Anyone have experience with ball clover?
This is for pasture not hayfield. Understand it builds a lot of nitrogen, and organic matter in sandy soil.


----------



## vhaby (Dec 30, 2009)

I've seen an excellent stand of ball clover on a friend's place in the Kilgore/Longview vicinity. The recommended seeding rate is 3 lb/acre. Because of the extremely small seed size, it may be difficult to set a drill to plant that small amount. I've tried seeding ball clover two falls in succession. I have a sporatic stand. The first year, with a new used JD 800 drill, I over planted seed initially and ran out of seed for the rest of the pasture. The second fall, I calibrated the drill more precicely by totally closing down the openings of the small seed box and then taking a small sledge hammer and tapping the shaft to ensure that it was tightly closed. At that point, I locked down the shaft in a totally closed setting and still planted 1.5 lb of ball clover seed per acre. At this time and in a drought situation, the ball clover is putting on seed heads in the lightly stocked pasture. Don't know if it will actually set seed as we missed another rain tonight.

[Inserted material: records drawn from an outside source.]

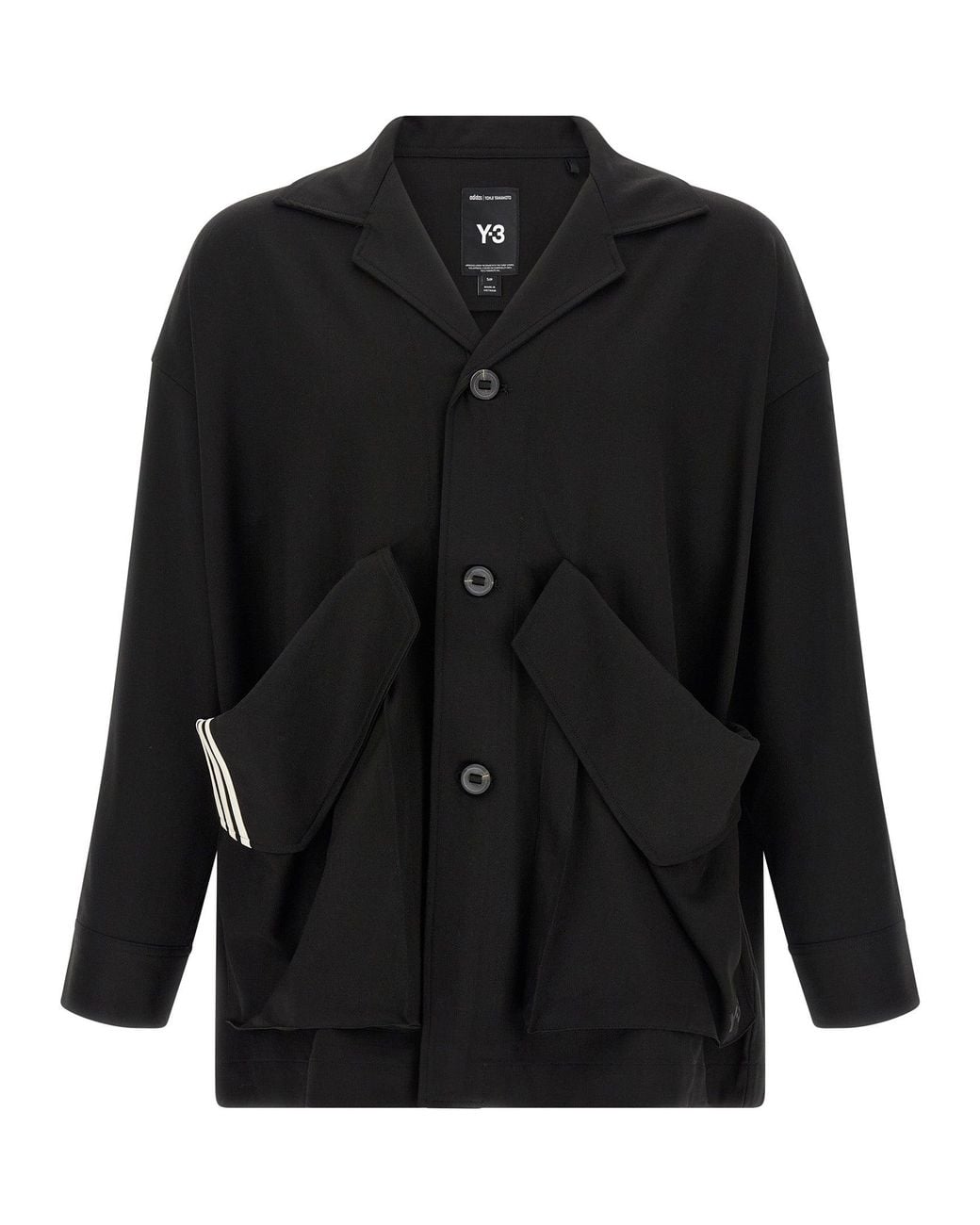 Y-3 Black Chore' Blazer for men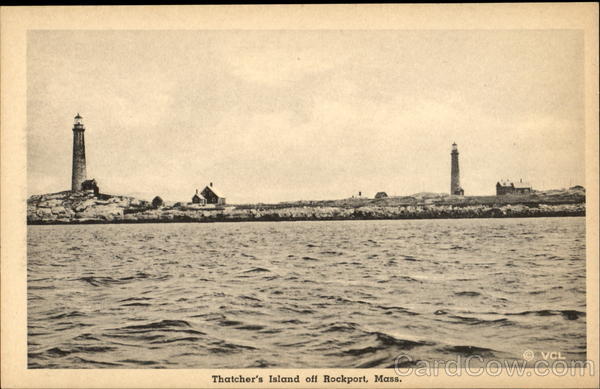 Thatcher's Island Rockport Massachusetts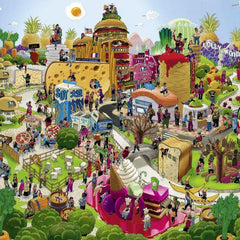 Heye Triangular Sugar Hills Jigsaw Puzzle (1500 Pieces)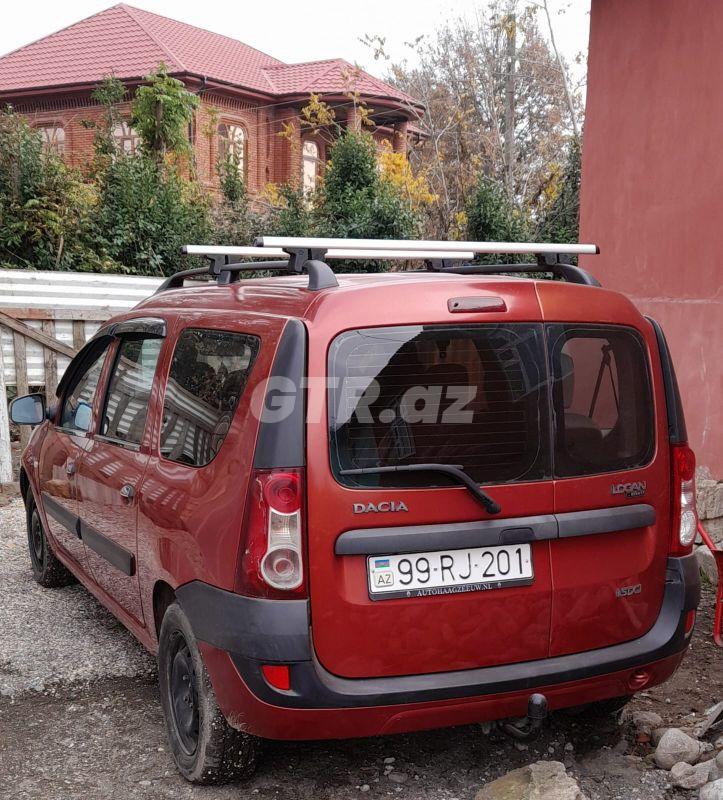 Dacia Logan 1.5 L, 2008, 39 487 km 99-RJ-201 — Avtomobillər, Astara (5)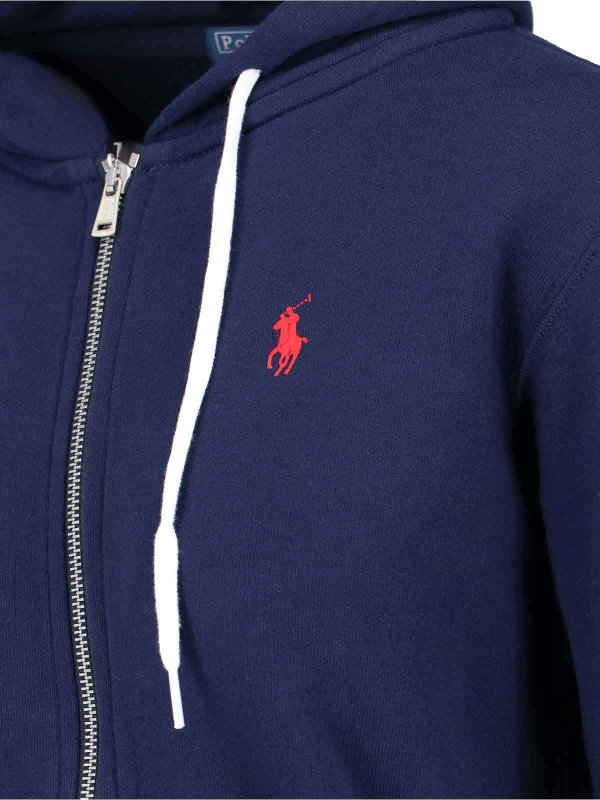 The Best Shops POLO RALPH LAUREN: Sweatshirts und Pullover - Sweatshirt - Blau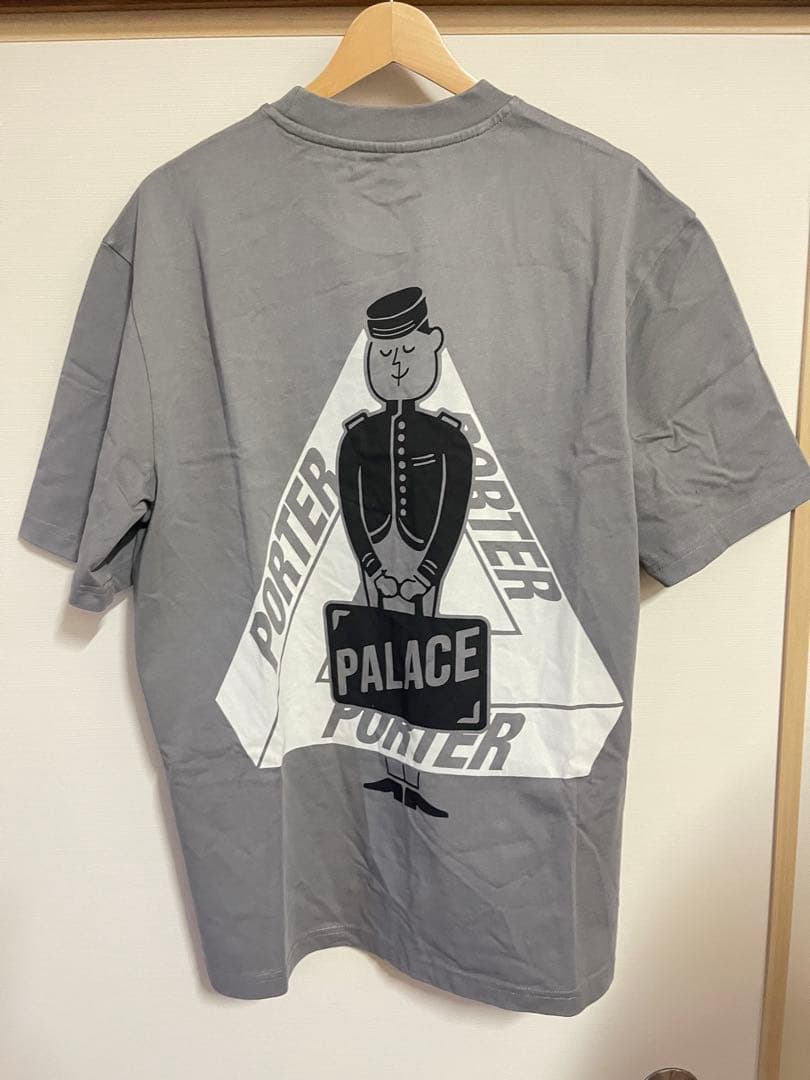 トップス PALACE xPORTERTri-FergBellBoyT-ShirtGrey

As for its nitrogen fixation, it may fix from 50 to 100 lb of N/acre. With cattle grazing in an excellent stand much of the fixed nitrogen will be delivered to the soil by way of cattle urine and manure defication.


----------



## mtarrant (Aug 10, 2009)

Thanks vhaby, I am in Athens, so I think we have similar soils. my vet Dr Richardson has a full stand on his place, says it takes several years and don't even try unless PH is 6 or higher. 
We need rain bad down hear too!!!!!!


----------